Your assignment
Please retype the records below exactly, from the first line down to and including the line with "2608 Nice Ct, Lancaster, CA".

[Data entries]
==*==

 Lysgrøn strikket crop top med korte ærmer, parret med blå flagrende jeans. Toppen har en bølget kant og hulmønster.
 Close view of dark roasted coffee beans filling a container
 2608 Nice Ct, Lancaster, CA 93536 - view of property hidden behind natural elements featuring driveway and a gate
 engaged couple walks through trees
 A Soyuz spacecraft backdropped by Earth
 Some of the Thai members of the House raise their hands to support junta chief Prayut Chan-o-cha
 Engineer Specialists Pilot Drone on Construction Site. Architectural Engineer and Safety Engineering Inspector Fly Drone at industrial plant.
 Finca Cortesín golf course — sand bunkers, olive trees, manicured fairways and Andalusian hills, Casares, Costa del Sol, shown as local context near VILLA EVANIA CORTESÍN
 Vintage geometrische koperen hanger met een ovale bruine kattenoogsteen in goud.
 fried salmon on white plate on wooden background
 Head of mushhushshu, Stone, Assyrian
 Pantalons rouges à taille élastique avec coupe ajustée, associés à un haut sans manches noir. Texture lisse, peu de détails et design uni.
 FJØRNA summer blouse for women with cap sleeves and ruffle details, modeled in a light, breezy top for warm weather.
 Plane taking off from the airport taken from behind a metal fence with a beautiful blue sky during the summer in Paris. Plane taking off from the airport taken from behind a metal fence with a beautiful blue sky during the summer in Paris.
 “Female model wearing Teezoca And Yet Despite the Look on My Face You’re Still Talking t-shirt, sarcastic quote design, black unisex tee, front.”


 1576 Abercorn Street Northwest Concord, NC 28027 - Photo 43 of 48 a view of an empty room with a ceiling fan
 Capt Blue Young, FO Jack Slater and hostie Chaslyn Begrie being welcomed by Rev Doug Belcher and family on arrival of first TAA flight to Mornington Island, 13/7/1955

==*==

Result of this task
 Lysgrøn strikket crop top med korte ærmer, parret med blå flagrende jeans. Toppen har en bølget kant og hulmønster.
 Close view of dark roasted coffee beans filling a container
 2608 Nice Ct, Lancaster, CA 93536 - view of property hidden behind natural elements featuring driveway and a gate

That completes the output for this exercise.